Please print only the top portion of the entries below, ending with the line that contains "Remember, you'll need", exactly as written.

[DATA FOR ANALYSIS — start]

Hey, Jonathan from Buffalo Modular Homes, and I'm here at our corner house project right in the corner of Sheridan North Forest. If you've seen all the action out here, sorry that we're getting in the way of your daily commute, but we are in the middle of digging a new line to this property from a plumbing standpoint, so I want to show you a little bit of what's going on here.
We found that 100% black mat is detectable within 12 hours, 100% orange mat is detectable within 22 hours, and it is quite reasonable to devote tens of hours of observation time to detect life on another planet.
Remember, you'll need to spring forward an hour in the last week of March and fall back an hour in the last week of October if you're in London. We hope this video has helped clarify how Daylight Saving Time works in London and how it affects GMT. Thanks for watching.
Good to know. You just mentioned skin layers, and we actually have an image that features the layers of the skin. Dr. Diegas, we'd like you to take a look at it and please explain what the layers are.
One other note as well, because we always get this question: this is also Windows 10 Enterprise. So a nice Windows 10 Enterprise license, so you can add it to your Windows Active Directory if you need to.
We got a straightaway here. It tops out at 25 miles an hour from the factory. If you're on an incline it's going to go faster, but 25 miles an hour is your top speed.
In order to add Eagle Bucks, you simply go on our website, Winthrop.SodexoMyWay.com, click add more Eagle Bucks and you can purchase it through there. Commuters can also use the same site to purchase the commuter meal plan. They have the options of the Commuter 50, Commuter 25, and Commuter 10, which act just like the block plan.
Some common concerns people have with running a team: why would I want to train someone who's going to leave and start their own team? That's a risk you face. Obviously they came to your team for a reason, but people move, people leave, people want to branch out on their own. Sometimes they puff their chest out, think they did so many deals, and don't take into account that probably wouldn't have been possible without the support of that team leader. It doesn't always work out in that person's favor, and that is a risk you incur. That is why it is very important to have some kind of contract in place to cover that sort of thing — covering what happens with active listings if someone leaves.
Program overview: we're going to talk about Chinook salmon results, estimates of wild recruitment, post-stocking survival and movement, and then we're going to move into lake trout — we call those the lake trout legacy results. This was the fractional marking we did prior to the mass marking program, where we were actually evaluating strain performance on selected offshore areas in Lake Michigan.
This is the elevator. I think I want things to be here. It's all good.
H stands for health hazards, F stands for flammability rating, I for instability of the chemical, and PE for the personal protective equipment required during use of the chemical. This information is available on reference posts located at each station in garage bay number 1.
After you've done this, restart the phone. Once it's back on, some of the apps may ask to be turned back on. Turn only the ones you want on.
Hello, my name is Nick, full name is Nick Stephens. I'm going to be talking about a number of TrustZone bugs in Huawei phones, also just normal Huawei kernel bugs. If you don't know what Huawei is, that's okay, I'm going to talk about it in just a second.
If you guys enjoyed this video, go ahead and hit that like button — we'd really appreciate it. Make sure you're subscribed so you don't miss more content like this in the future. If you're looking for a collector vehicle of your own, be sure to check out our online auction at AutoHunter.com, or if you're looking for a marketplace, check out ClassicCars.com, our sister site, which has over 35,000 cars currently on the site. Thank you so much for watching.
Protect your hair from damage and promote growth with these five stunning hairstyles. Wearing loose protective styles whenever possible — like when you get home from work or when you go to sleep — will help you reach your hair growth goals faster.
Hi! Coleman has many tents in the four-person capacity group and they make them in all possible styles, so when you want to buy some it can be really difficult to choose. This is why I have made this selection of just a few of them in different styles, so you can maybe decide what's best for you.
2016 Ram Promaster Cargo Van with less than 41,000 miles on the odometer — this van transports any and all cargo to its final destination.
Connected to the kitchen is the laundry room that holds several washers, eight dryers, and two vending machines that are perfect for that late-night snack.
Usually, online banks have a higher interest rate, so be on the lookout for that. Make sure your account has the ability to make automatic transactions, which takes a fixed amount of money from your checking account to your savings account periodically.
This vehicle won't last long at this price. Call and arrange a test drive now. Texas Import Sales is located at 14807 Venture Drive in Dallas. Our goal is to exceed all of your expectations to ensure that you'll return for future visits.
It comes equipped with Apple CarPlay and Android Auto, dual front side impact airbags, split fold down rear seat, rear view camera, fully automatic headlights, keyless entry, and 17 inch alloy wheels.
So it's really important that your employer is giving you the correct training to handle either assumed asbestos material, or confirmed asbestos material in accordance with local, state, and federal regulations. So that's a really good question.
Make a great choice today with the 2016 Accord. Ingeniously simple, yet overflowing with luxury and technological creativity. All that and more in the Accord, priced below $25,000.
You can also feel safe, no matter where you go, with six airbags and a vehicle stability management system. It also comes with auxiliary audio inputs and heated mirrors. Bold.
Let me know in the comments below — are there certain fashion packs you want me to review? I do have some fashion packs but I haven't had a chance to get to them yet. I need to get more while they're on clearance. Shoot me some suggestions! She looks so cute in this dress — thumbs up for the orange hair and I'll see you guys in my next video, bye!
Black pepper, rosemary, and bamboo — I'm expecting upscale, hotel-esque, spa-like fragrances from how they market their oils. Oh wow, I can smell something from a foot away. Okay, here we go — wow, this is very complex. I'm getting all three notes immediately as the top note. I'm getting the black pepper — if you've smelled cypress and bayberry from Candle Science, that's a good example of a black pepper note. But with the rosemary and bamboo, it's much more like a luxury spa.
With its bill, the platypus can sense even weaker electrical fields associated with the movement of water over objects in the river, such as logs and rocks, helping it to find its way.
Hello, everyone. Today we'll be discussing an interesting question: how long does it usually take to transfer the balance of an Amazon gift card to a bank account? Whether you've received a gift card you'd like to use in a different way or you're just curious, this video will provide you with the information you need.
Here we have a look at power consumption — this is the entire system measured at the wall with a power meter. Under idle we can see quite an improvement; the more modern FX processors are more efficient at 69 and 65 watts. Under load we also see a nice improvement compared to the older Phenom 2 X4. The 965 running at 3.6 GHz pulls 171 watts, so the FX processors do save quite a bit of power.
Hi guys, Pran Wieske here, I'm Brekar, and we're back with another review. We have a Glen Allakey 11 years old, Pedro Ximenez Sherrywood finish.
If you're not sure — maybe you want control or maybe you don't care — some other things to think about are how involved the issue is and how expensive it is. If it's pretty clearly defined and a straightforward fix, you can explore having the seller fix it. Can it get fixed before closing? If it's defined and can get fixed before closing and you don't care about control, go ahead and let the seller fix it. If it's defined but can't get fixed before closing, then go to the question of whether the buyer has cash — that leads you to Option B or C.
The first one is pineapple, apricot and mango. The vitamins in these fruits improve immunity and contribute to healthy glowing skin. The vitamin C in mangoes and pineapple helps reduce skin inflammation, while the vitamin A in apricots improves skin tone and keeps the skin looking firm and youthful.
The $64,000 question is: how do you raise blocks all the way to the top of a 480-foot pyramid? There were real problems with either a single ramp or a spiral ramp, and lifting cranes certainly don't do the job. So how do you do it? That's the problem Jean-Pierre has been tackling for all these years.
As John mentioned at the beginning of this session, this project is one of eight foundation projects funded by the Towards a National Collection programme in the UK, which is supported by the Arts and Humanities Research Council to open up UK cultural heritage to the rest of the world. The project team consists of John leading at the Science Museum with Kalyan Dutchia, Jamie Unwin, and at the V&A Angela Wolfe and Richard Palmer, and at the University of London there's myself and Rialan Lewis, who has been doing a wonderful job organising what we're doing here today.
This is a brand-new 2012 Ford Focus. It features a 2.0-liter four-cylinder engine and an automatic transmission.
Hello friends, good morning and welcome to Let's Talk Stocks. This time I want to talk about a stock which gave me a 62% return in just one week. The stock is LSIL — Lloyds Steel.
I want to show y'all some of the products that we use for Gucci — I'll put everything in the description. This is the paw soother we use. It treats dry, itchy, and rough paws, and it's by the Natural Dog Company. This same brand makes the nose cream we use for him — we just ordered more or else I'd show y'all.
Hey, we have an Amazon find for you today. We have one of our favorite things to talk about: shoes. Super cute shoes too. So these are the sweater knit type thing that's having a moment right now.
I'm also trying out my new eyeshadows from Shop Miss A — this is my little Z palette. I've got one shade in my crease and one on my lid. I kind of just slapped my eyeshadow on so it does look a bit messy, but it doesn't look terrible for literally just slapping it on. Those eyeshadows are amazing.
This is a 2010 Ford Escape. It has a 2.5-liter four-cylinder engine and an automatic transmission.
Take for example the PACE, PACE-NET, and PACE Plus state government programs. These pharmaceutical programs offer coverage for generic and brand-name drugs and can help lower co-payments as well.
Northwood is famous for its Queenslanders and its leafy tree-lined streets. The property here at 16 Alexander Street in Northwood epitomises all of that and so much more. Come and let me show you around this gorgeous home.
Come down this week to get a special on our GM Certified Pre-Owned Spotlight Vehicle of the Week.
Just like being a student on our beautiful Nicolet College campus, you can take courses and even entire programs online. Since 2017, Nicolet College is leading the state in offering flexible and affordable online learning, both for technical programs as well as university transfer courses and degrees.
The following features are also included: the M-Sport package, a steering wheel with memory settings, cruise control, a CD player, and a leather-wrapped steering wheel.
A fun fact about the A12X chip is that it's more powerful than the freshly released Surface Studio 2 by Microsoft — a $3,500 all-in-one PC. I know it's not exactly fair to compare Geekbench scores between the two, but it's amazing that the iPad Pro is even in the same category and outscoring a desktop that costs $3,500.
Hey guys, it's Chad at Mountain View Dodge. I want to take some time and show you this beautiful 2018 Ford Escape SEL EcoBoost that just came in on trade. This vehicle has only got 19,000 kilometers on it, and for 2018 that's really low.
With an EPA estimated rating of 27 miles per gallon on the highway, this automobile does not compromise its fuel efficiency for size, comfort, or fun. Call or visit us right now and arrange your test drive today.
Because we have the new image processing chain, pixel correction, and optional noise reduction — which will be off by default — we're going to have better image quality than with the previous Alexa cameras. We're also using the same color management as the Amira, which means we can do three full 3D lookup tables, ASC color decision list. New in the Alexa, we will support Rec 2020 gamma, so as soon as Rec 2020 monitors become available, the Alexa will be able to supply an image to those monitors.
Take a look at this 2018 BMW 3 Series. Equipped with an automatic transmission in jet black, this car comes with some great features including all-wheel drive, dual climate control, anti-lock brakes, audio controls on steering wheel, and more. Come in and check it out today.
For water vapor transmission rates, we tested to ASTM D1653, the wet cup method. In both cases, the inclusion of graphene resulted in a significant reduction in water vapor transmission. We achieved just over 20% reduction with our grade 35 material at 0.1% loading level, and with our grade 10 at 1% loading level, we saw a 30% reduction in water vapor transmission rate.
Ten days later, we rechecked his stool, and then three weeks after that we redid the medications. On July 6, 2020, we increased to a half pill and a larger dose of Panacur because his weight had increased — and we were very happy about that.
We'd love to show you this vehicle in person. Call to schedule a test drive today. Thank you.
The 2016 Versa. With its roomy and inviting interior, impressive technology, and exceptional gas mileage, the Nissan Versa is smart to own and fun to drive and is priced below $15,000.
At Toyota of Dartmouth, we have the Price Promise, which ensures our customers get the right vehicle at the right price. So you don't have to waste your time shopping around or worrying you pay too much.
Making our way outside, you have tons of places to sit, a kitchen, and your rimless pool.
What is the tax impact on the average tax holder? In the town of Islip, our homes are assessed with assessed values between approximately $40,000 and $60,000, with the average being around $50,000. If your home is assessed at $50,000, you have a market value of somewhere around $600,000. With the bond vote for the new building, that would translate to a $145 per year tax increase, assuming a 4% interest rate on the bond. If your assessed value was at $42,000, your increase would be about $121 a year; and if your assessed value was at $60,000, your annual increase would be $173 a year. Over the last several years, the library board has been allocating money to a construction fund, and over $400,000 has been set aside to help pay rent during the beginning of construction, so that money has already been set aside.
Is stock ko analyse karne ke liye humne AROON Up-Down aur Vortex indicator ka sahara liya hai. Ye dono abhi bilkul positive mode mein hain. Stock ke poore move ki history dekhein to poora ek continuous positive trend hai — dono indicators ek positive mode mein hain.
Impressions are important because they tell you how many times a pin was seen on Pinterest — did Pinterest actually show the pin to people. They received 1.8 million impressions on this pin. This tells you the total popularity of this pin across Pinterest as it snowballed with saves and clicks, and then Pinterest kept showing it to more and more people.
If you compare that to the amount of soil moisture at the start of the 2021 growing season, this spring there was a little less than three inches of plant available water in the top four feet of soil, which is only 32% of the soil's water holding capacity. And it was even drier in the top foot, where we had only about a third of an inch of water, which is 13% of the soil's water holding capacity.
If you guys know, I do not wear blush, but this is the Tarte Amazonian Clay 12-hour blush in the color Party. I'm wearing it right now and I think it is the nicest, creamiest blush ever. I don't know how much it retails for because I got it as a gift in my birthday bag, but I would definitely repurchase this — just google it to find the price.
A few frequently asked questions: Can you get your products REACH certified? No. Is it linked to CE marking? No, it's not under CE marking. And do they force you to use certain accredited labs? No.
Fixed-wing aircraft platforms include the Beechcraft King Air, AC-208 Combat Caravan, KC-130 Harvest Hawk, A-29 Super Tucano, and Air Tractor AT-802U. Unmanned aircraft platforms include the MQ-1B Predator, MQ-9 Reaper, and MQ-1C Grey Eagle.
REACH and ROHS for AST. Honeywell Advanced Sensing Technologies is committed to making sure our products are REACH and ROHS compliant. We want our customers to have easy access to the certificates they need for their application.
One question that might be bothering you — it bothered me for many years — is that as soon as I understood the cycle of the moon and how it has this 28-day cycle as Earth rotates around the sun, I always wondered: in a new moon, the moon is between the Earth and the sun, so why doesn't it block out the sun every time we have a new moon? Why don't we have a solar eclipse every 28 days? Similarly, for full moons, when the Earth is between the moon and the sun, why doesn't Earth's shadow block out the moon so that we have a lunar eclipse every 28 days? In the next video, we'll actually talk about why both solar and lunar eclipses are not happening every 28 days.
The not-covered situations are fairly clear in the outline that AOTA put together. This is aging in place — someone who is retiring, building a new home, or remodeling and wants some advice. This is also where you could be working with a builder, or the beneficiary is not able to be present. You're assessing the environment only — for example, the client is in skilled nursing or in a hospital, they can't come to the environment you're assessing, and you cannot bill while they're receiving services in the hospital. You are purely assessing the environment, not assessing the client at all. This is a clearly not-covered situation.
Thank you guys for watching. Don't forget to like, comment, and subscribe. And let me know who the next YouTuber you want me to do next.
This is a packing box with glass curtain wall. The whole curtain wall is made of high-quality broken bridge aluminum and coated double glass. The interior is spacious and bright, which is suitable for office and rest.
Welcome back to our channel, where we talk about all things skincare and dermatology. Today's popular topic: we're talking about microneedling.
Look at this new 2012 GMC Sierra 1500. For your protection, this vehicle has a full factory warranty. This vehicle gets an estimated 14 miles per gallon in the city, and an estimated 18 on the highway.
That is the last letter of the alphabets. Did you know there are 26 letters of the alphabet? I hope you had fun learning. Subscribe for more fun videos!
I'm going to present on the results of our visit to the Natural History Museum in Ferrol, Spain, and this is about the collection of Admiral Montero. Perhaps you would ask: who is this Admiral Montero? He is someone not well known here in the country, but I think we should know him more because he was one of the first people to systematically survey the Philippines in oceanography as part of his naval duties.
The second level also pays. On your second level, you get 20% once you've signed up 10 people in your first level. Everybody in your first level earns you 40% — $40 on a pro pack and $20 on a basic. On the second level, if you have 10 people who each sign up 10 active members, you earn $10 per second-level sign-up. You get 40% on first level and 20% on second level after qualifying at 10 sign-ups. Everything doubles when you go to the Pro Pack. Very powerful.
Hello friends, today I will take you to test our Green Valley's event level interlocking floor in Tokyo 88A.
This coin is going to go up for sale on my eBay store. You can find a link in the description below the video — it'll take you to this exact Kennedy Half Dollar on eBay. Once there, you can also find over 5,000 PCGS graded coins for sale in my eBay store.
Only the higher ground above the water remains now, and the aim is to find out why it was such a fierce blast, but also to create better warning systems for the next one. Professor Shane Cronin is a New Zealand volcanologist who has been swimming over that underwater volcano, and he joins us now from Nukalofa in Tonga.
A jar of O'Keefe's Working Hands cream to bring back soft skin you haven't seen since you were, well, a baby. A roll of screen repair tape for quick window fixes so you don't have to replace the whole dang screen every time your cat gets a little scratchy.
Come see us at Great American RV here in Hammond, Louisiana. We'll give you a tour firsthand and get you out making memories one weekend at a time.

[DATA FOR ANALYSIS — finish]

**ANSWER AREA:**
Hey, Jonathan from Buffalo Modular Homes, and I'm here at our corner house project right in the corner of Sheridan North Forest. If you've seen all the action out here, sorry that we're getting in the way of your daily commute, but we are in the middle of digging a new line to this property from a plumbing standpoint, so I want to show you a little bit of what's going on here.
We found that 100% black mat is detectable within 12 hours, 100% orange mat is detectable within 22 hours, and it is quite reasonable to devote tens of hours of observation time to detect life on another planet.
Remember, you'll need to spring forward an hour in the last week of March and fall back an hour in the last week of October if you're in London. We hope this video has helped clarify how Daylight Saving Time works in London and how it affects GMT. Thanks for watching.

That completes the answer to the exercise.